27.11.12

RECORDAR

O verbo “recordar” vem nesta crónica a propósito de fotografias. Havia até o slogan da Kodak, passo a publicidade, que dizia que «recordar é viver». Não me referirei apenas a imagens em fotografias, mas também a imagens que os textos têm o poder de nos fazer criar nas nossas cabeças – imaginar, portanto - quando nos descrevem ou narram determinadas situações. Tenho até um amigo ilustrador que diz que se os fotógrafos afirmam que uma imagem vale mil palavras, um ilustrador afirmará que uma palavra vale mil imagens.

Vem então este “recordar” e esta crónica a propósito das imagens da miséria. Eu, que ainda sou do tempo das imagens da fome no Biafra, que passei pela onda das campanhas de solidariedade com os Etíopes, assim todos metidos no mesmo “saco”, assisto agora à produção caseira, nacional, de crónicas e textos volantes com descrições escancaradas da miséria, dos quais o menino das bolachas parece ser um best-seller. Apetece-me, face a este fenómeno que, nalguns casos, é de óbvio marketing para mais visualizações e venda de “exemplares”, falar de duas coisas: das fotografias do Sebastião Salgado, que já uma vez, ou mais, evoquei, e da memória das pessoas. Das pessoas comuns que veem televisão ou leem jornais ou, já agora, ouvem rádio.

As fotografias desse grande artista brasileiro, Sebastião Salgado, marcadas por um discurso, ainda que visual, de intervenção política e social, de denúncia de situações de desigualdade e de exploração humana, nunca colocaram num lugar rasteiro as pessoas. Denunciam, sim, denunciam, mas sem retirar a dignidade aos explorados e às vítimas. Aliás denunciam porque são belos e a beleza, ou a bondade, incomoda os cínicos, muito mais do que o discurso miserabilista que vai direitinho ao encontro dos objetivos de quem parece gostar de ver os outros amarfanhados.

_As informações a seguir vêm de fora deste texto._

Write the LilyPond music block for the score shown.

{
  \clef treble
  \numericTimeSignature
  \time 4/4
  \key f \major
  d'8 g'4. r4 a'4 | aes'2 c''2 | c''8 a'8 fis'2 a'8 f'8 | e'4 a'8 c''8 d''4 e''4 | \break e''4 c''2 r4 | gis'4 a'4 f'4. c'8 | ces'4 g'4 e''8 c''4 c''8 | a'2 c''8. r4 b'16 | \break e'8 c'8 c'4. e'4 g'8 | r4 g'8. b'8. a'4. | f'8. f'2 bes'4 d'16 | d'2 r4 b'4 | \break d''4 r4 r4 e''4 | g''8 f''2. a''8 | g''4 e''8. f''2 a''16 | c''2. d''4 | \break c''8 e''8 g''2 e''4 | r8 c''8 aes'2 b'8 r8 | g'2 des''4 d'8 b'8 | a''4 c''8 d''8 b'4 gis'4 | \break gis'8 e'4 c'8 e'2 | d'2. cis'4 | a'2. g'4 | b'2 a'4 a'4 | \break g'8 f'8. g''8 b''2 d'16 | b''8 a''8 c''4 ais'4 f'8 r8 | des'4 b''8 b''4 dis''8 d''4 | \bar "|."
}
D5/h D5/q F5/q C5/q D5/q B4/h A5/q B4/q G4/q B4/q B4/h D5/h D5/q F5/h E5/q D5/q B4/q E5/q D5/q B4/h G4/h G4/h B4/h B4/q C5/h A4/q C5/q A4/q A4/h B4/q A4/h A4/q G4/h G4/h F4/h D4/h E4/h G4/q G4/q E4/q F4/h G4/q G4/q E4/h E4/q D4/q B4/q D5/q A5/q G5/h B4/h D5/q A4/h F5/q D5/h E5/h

Ao contarem histórias de desgraçadinhos e divulgarem imagens de miseráveis parece que o assunto é coisa nova. Parece que nunca houve, ou que já alguma vez deixou de haver, gente explorada. Não é a expor sem dignidade as pessoas que se faz algo por essas mesmas pessoas ou se evita que outras pessoas a estas se juntem. E aqui, quase me estava a pôr em posição de defender a senhora de nome Isabel… E punha, não fora ela alinhar no discurso dos que acham que esta miséria é uma mortificação necessária à ressurreição da espécie humana, portuguesa, e desalinhar do sentido cívico e cooperativo de que os Bancos Alimentares, enquanto parceiros de uma rede social efetivamente cooperante, devem e podem ser.

Não estou, longe disso, a falar de esconder as vítimas da miséria, porque também há quem o faça para vender a imagem de que ela não existe. Mas estou a falar em protegê-las de quem usa e abusa delas no seu discursozinho choramingueiro. Mais eficaz que tudo isto é, por exemplo, denunciar as toneladas de peixes deitadas fora por não cumprirem os pesos e as medidas comunitárias e, na mesma notícia, revelar o aumento do número de refeições fornecidas por instituições de solidariedade social que há largos anos, mesmo quando parece que eramos todos ricos e vivíamos acima das nossas possibilidades, já faziam da solidariedade um valor muito para além do mero discurso retórico e que serve bem e ajuda à festa de quem acha que os que sofrem são todos uns piegas.